The invention relates to a heat exchanger, particularly for a motor vehicle.
A preferred field of use of the invention is that of supercharged heat engines, in particular of motor vehicles, which use a particular heat exchanger, further referred to as a charge air cooler (abbreviated to CAC), in order to cool a fluid, that is to say, the charge air of the engine.
This is because supercharged or turbo-compressed heat engines, in particular diesel engines, are supplied with compressed air, referred to as charge air, from a turbo-compressor which is actuated by the exhaust gases of the engine.
However, the effect of that compression is to heat the air which is at an excessively high temperature and it is desirable, for good operation of the engine, to cool it in order to reduce its temperature before it is introduced into the cylinders of the engine.
To that end, there is used, in conventional manner, a heat exchanger which is referred to as a charge air cooler.
The objective of that cooler is to cool the charge air by heat exchange with another fluid such as external air or a liquid such as glycol water of the cooling circuit of the engine, thereby forming an exchanger of the air/air or liquid/air type.
Such a cooler may be fitted in a selected location of the engine compartment, in particular near the engine, and particularly carries out the function of drawing in charge air toward each of the cylinders of the engine.

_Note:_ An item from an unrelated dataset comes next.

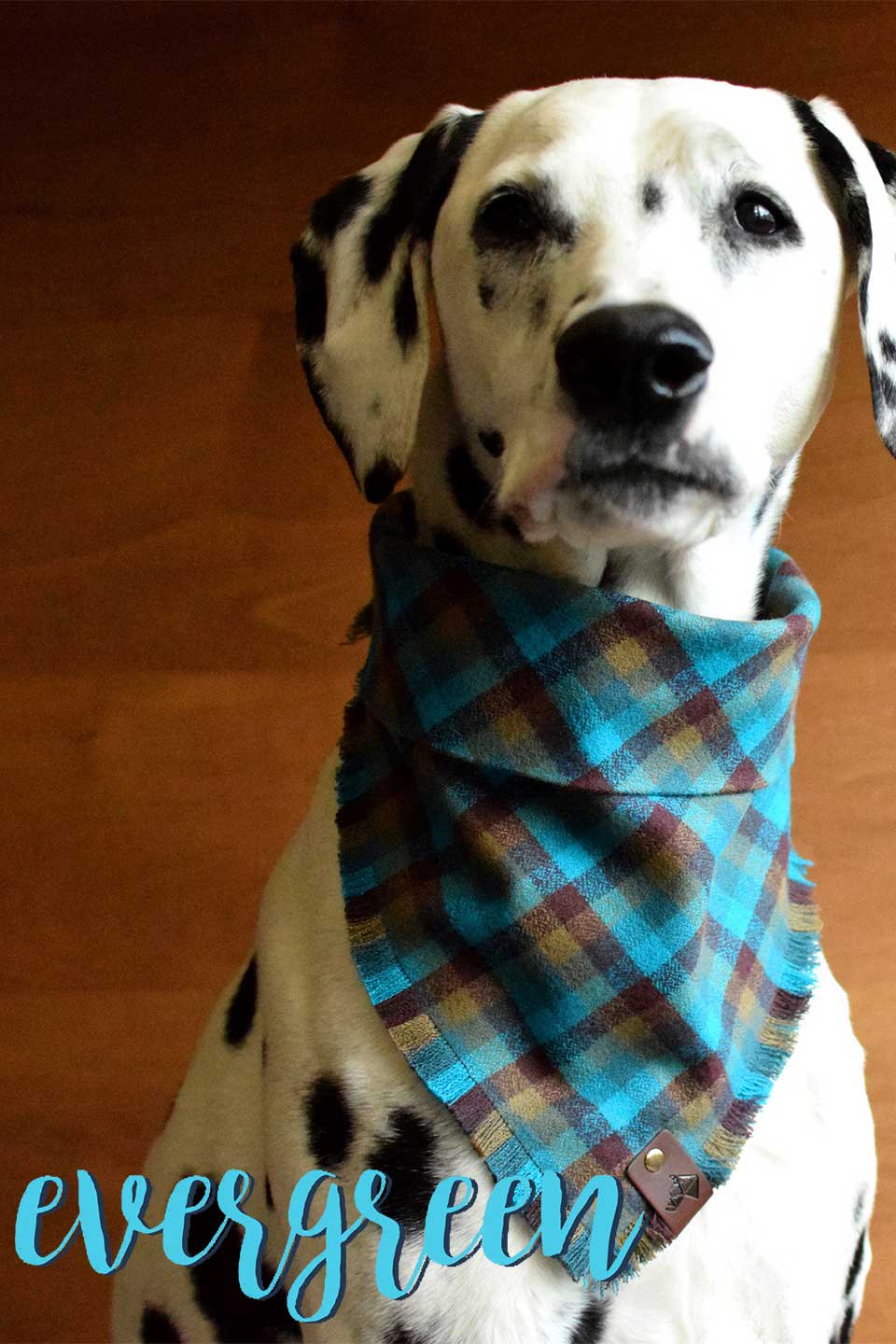 Evergreen Fringed Flannel Dog Bandana エバーグリーン・フリンジドッグバンダナ / DOGDOG GOOSE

In known manner, a heat exchanger, and more specifically a charge air cooler, comprises heat exchange elements and fluid flow elements, in which fluids which exchange heat with each other flow.
A large number of associations of fluids may be envisaged, whether liquids and/or gases are involved. In particular, in the case of exchangers, referred to as charge air coolers, it is possible to provide a heat exchange between the charge air, which is intended to supply the engine of the vehicle, and a cooling fluid, in particular a cooling liquid, such as an admixture of water and glycol.
A large number of structural configurations may be envisaged.
There are known exchangers comprising a heat exchange bundle between the two fluids, such as the charge air and the cooling liquid, a receiving casing which receives the heat exchange bundle, and at least one collection tank for the gaseous fluid, such as the charge air, allowing the flow of the charge air through the exchanger.
According to a known solution, the heat exchange bundle comprises a stack of plates which are arranged parallel with each other in one or more rows parallel with each other, those plates being arranged in order to define, on the one hand, first flow channels for a first fluid and, on the other hand, second flow channels for a second fluid, exchanging heat with the first fluid.
Those plates may be alternating with elements for disrupting the flow of a fluid, for example, a gaseous fluid such as charge air.
In a known manner, the plates guide the cooling liquid in a circuit comprising one or more passes. Those plates are generally in the form of an elongate rectangle having two long sides and two short sides, and comprise two projections, a first of the projections having an inlet of the flow circuit for cooling liquid and the other of the projections having an outlet of the flow circuit of the cooling liquid, respectively. The projections are located along the same short side of the plate. The projections of a plate are intended to come into contact with the projections of an adjacent plate in order to allow the cooling liquid to pass from one flow channel to another.
In this manner, the cooling fluid is distributed between the plates by the inlet projections. It subsequently flows along the pass(es) of the flow circuits of the cooling liquid until it is discharged from the plates in the region of the outlet projections.
Each plate thus comprises a heat exchange zone between the cooling liquid and the charge air, which zone is located in the region of the flow pass(es), and an inlet/outlet zone which allows the cooling fluid to be introduced into and discharged from the plates.
A disadvantage of that configuration is that the zone in which the projections are located concentrates mechanical stresses which may bring about a breakage of the elements which are soldered together.
Furthermore, that zone having the projections is very detrimental to the thermal performance. This is because the charge air which passes through that zone does not pass via the exchange zone between the two fluids and therefore does not exchange or barely exchanges any heat with the cooling liquid.
It is known, in order to overcome this problem, to modify the components of the exchanger or to add an additional component which forms a screen and which allows the passage of the fluid to be cooled by that zone to be limited. However, that makes the components and/or the production process of the exchanger more complex, which may involve an additional cost and where applicable an increase in the weight of the exchanger.
In order to overcome those difficulties, there have already been envisaged by the Applicant in a patent application which has not yet been published heat exchangers comprising a cooling fluid collector, which is external with respect to the plates of the heat exchange bundle. The cooling fluid then supplies the heat exchanger, from the collector, via a collector plate through which flow channels of the cooling fluid of the heat exchange bundle open in the collector.
That arrangement requires the provision of enough connection space between the collector plate and at least one closure cover of the collector.
Furthermore, such a collector plate generally comprises flanges which surround the flow channels of the cooling fluid. Those flanges are involved in mechanically retaining the plates of the heat exchange bundle in relation to the casing.
However, those flanges require the provision of additional connection space for assembling the collector plate on the walls of the casing and the closure cover of the collector, which space is substantial.